Menurut Syauqy, kebutuhan buku dalam praktik literasi komprehensif tentu bukan sekadar buku bacaan, melainkan juga buku dan alat belajar untuk menunjang praktik pembelajaran. Anak-anak petani desa butuh banyak buku bacaan, buku tulis, buku gambar, alat tulis dan alat peraga tentunya. Mereka sama seperti kebutuhan anak-anak dari kota. ''Minat baca termasuk praktek belajar sangat tinggi. Sayang kalau sampai tidak diberi kesempatan. Buku bekas juga tidak masalah, yang penting masih lengkap isinya,'' katanya. Syauqy menjelaskan, kebutuhan jenis buku bisa beragam, tetapi ia berharap setiap buku memiliki nilai karakter karena kebutuhan dasar pendidikan anak-anak usia SD, SMP dan SMA adalah karakter.
''Sedangkan untuk orang tua, terutama ibu-ibu dari anak-anak yang ikut-ikutan membaca membutuhkan bacaan ringan tapi praktis seperti buku panduan memasak, atau buku pertanian,'' ucap Syauqi.
Bersama Odesa Institute ini kaum muda Odesa aktif mengajar anak-anak desa dengan praktik Pembelajaran Media Aktif. Selain itu mereka juga belajar berwirausaha pertanian di dalam grup Pertanian Tanaman Obat Cimenyan (Taoci).
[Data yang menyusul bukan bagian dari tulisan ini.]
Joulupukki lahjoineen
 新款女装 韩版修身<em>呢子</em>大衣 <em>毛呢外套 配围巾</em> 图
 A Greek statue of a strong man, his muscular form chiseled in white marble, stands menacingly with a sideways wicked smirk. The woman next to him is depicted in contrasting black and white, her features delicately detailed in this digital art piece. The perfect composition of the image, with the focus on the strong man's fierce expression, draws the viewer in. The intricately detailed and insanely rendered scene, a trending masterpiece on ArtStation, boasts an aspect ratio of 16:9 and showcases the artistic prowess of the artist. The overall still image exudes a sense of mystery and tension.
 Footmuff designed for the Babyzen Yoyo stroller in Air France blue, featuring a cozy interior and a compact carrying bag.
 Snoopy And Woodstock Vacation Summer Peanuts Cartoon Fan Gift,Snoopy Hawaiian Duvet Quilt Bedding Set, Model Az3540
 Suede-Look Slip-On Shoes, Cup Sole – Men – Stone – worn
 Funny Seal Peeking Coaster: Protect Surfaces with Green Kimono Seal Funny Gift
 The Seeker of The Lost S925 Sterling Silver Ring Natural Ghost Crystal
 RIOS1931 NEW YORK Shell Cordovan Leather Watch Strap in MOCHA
Tak hanya itu, mahasiswa juga diwajibkan mendampingi para petani dalam bercocok tanam model pertanian ramah lingkungan. Mereka juga aktif membantu persoalan kekurangan air untuk menjawab masalah problem sanitasi keluarga miskin.
Sejak 2016, Yayasan yang aktif menggerakkan literasi. Menerjunkan relawan literasi yang bersedia bekerja masuk ke kampung-kampung perbukitan, mereka membagikan buku dengan cara peminjaman. Setiap minggu satu buku. “Itu minmal. Pada praktiknya, banyak anak yang bisa menamatkan 2-3 buku dalam satu pekan,” kata Ahmad Syauqy Ridho.
Syauqy dan 13 teman lainnya dari kalangan mahasiswa bahkan sejak awal 2020 ini semakin melebarkan sayap pergerakannya dengan menggarap 11 kampung di beberapa desa Kecamatan Cimenyan Kabupaten Bandung. Bahkan di Garut ada dua kelompok belajar yang diberi nama Sekolah Garut (Segar). Di garut, Ramlan Gumilar mengaktifkan kegiatan belajar anak-anak desa.